*Task to carry out*. In the listing below, locate the line with "A Ukrainian soldier" and the line with "Mountains, rays of the Sun, clouds, peaks", then output both and everything between them exactly, minus any pictures.

*Study material*.
++++++++++++++++++++

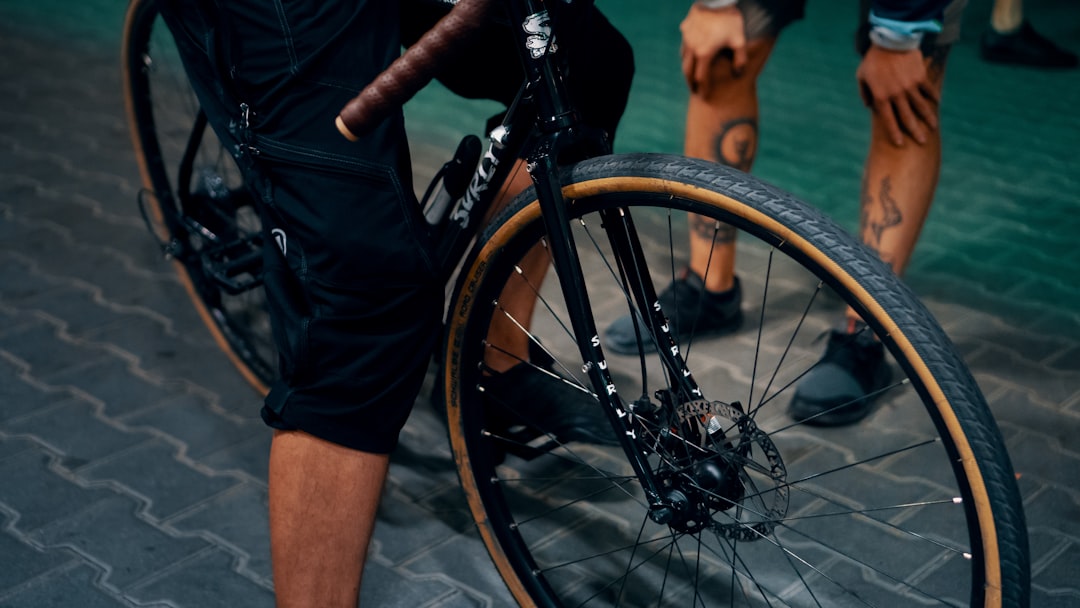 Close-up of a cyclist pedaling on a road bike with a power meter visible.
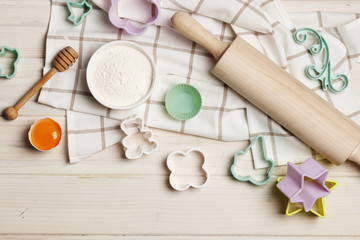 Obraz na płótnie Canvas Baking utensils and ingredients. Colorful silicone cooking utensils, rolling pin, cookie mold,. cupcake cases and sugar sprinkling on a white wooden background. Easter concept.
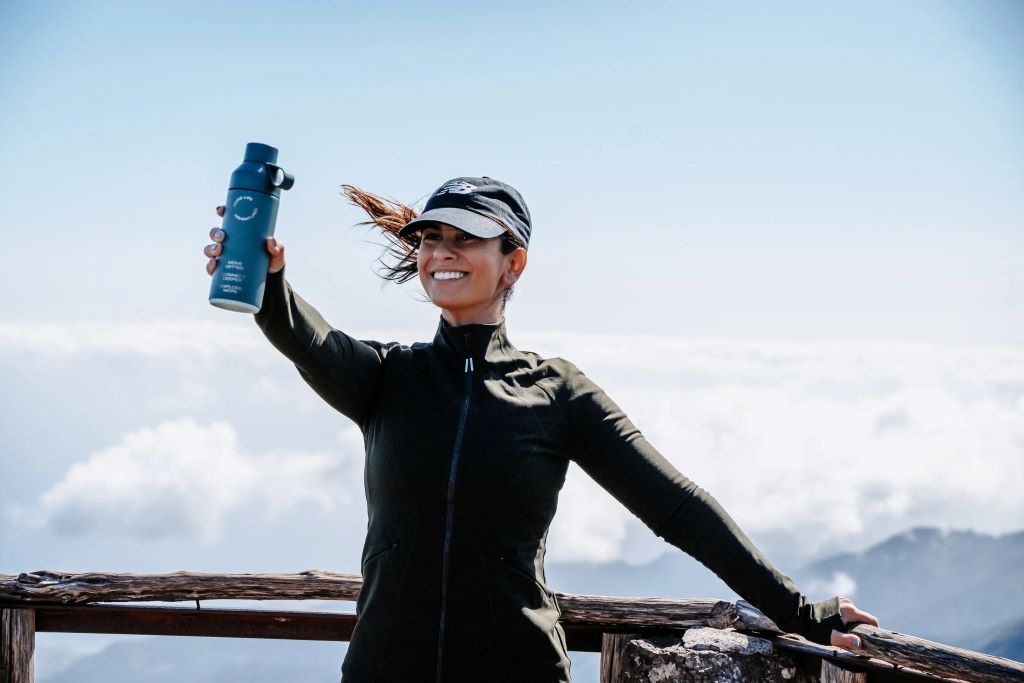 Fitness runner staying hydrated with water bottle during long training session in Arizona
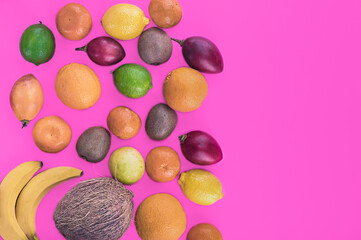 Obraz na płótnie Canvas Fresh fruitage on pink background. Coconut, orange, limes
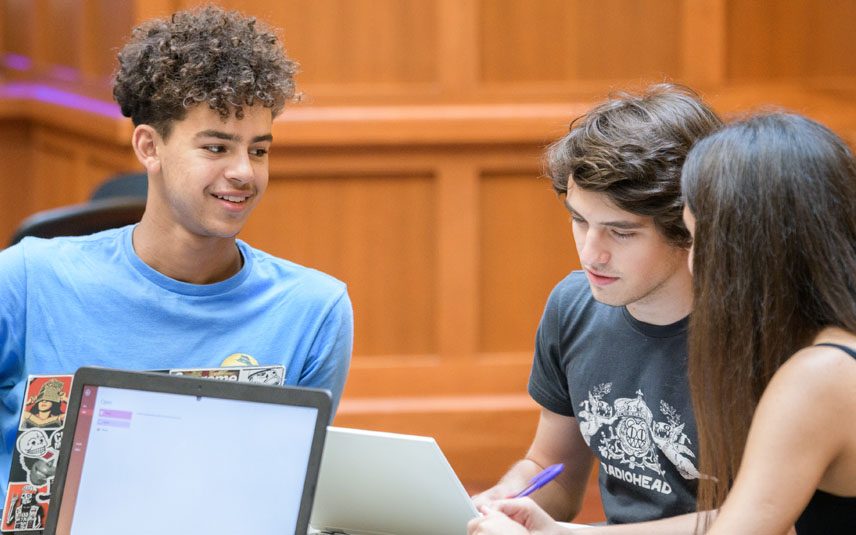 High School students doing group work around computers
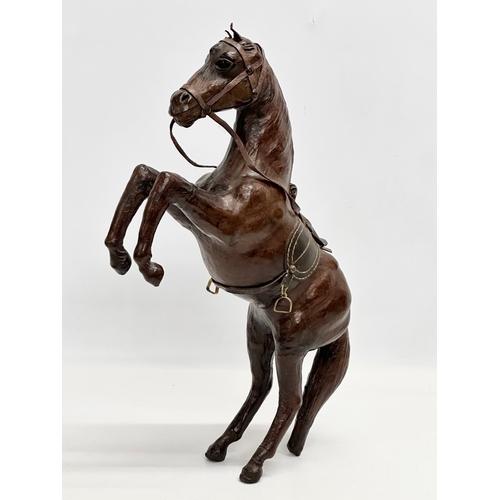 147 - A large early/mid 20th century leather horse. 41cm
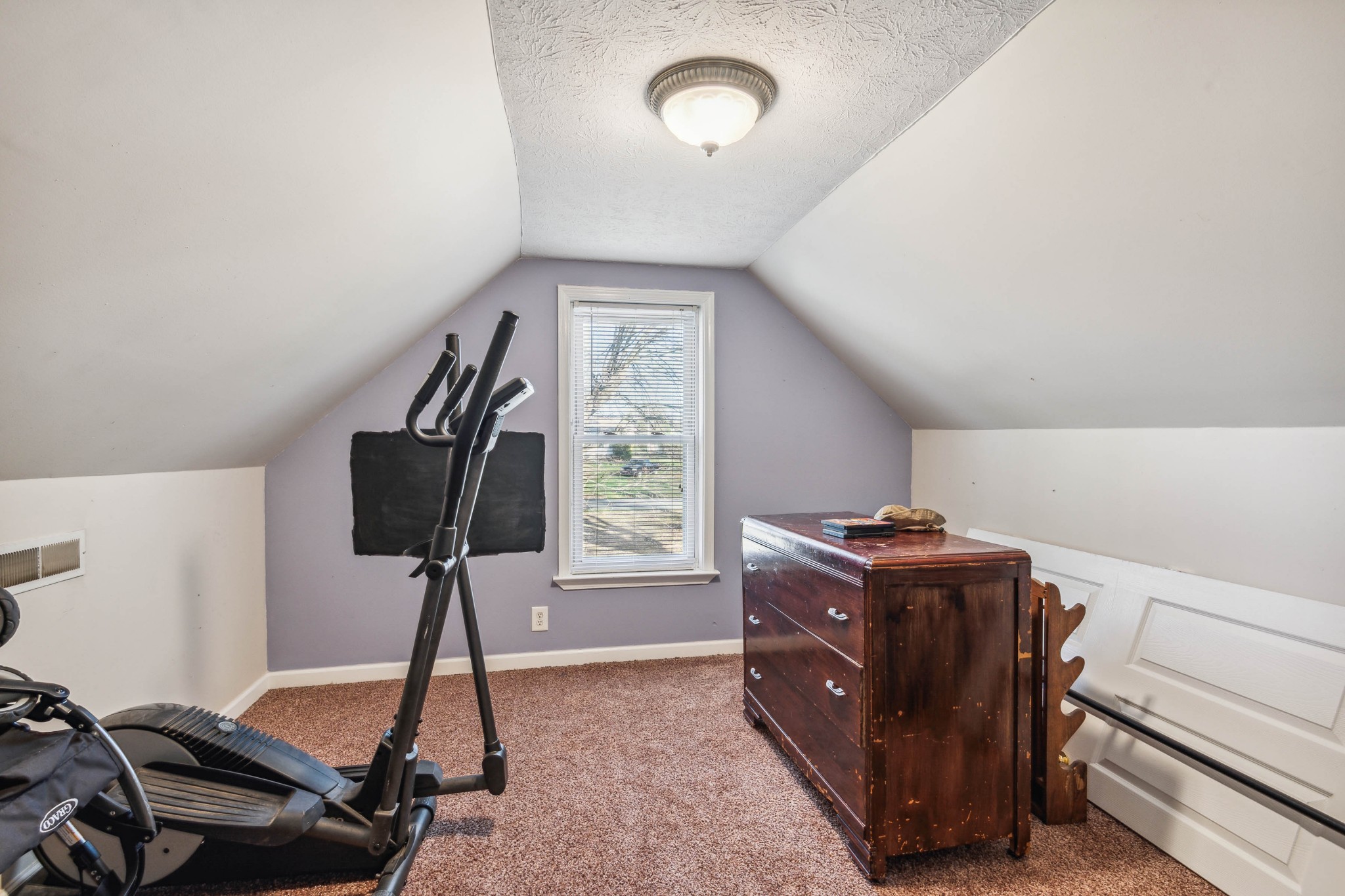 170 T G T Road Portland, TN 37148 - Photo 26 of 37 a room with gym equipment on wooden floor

++++++++++++++++++++

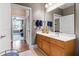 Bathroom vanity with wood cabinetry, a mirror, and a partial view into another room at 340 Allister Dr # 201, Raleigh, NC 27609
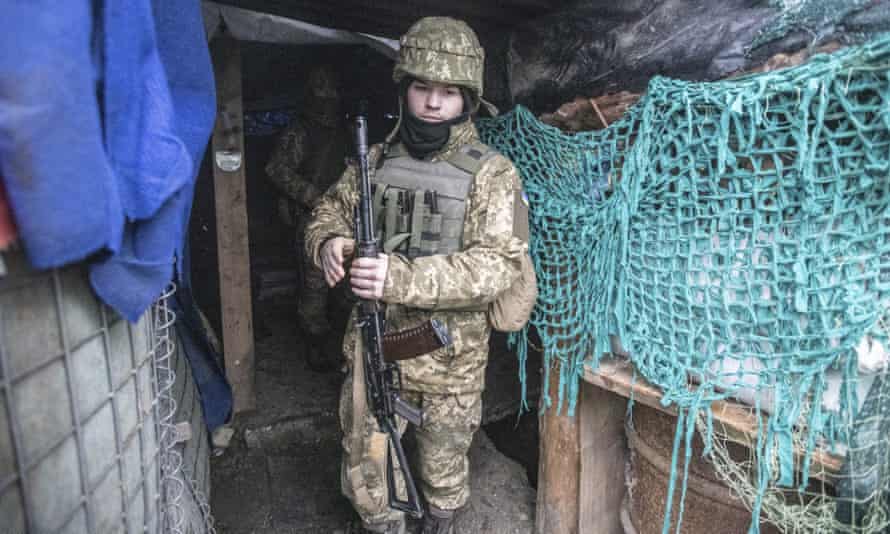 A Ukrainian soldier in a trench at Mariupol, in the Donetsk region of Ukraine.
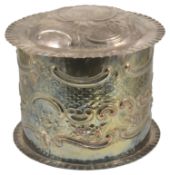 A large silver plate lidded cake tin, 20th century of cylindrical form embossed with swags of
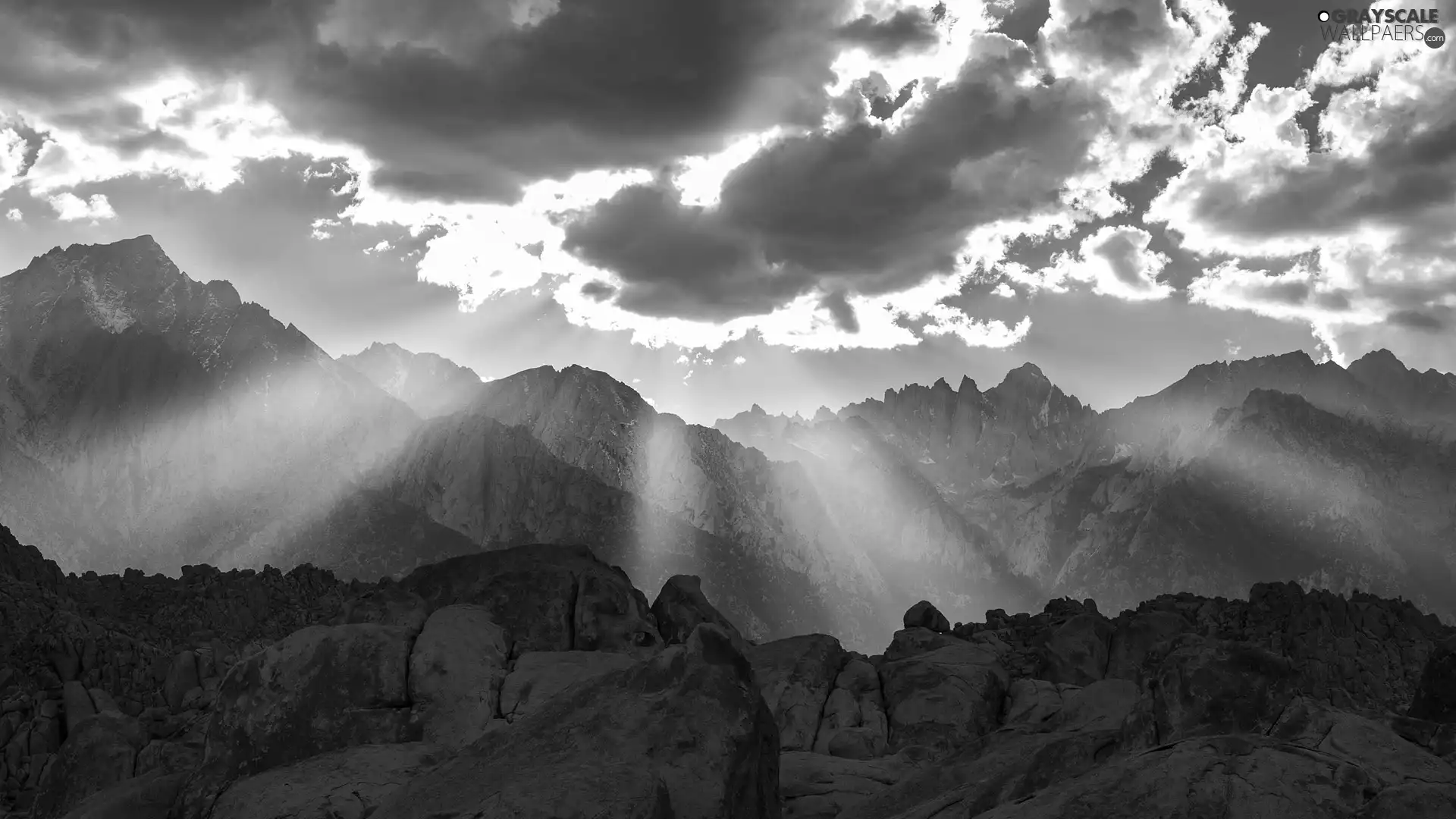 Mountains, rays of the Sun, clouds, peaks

++++++++++++++++++++

*Exercise answer*.
 A Ukrainian soldier in a trench at Mariupol, in the Donetsk region of Ukraine.
 A large silver plate lidded cake tin, 20th century of cylindrical form embossed with swags of
 Mountains, rays of the Sun, clouds, peaks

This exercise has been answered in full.